In Wood v. Smith, Cro. James, 130, the question arose, whether *87judgment should be arrested after verdict because the value of the article converted was not alleged. Popham and Yelverton held the declaration ill; but Williams, Tanfield, and Fenner e contra; for they said it was not assumpsit, especially when the thing is not demanded, but damages for it; and therefor Williams cited the register, vol. 37, that such exception at the common law was not material; but they held at the most it was but defect of form, which is aided by the statute of 18 Eliz., c. 14.’ The same question arose in Pearpoint v. Henry, 2 Wash. 192, and the court, regarding the objection as one of form, overruled the motion in arrest of judgment.

It is said the note came lawfully in the defendant’s possession, and therefore that he has a right to retain it. But the declaration admits that the plaintiff was possessed of the note, and that the defendant knowing it to be of his proper goods and chattels, and of right to appertain to him,- ‘ converted the same to his, the defendant’s, use.’

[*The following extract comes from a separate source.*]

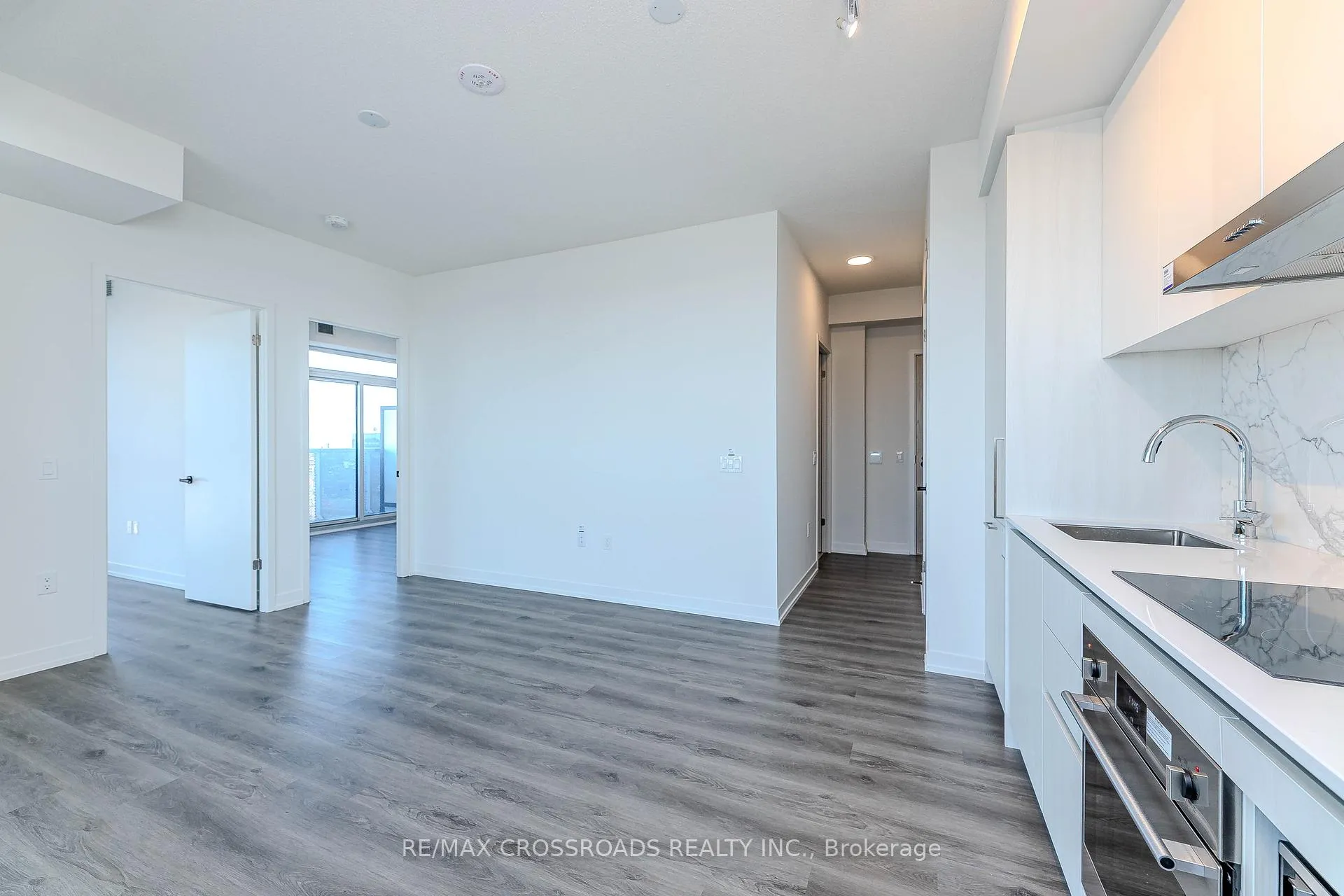Photo 10 of Unit 1209, 225 Commerce Street, Vaughan, Vaughan Corporate Centre — HOMEH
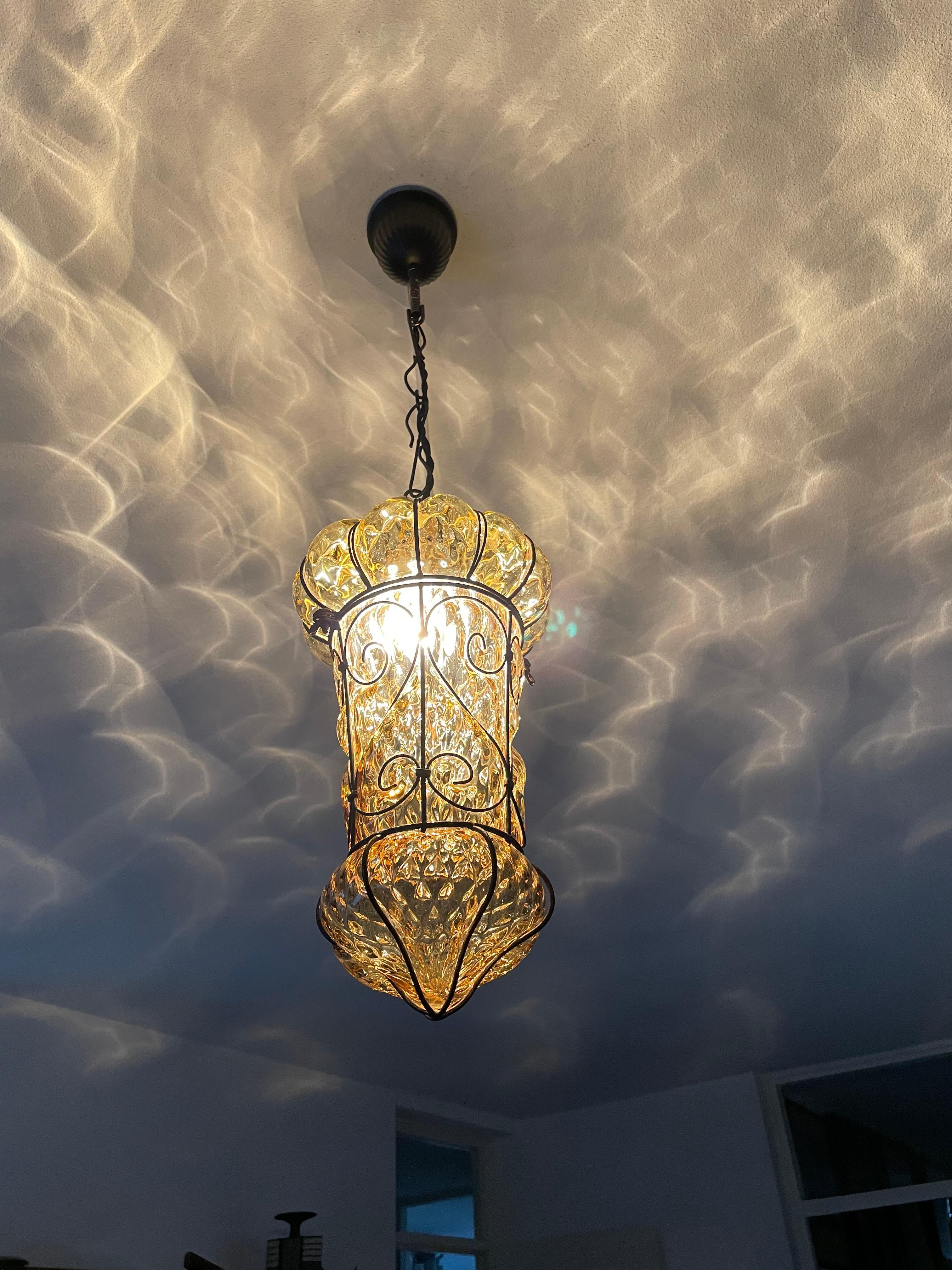 Lampe à suspension vénitienne en verre soufflé à la bouche de Murano brillant, couleur miel, avec cadre métallique en vente 12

‘Assuming to one’s self the property and right of disposing another man’s goods is a conversion, says Lord Holt, in the case of Baldwin v. Cole, 6 Mod. 212, and this principle is adopted and sanctioned by Lord Ellenborough in the case of McCombie v. Daveis, 6 East, 540. The defendant having come lawfully into the possession of the note forms no objection to the action. ... It is the breach of the trust, or the abuse of such lawful possession, which constitutes the conversion.’ Murray v. Burling, 10 Johns. 172.

Now the writ does not show for what purpose the defendant received the note. It only shows that being the plaintiff’s property, and having received it, he is guilty of a tort by its conversion.

It was held in Goggerley v. Cuthbert, 5 B. & P. 170, that if A indorse a bill drawn in his favor to B, or order, that B may raise money for A by negotiating it, and B gives it to 0, who puts it into the hands of D, without consideration two years after the bill is due, that A may recover back the bill from D in trover. The point was taken there as here, that the bill was of no value. To *88this Mansfield, C. J., replies: ‘ As to the bill being worth nothing, it is of importance to the plaintiff to get it back again.’ So here, if the note belongs to the plaintiff, it is of importance to him to get it back again, or to recover its value. So in Murray v. Burling, 10 Johns. 172, it was held that the plaintiffs cou'ld maintain trover for their own note, which the defendant received as their property for the purpose of raising money for them, but which he converted to his own use.

‘ The substantial matter,’ observes Shepley, C. J., in Lord v. Pierce, 33 Maine, 350, ‘ upon which the action is founded is, that the defendant has, without right, the property of the plaintiff in his possession, and that he refuses to surrender it.’

The objections specially relied upon are purely formal. They could not be taken advantage of in arrest of judgment, nor are they available to the plaintiff on general demurrer.

deceptions sustained.

Cutting, Walton, Danforth, and Tapley, JJ., concurred.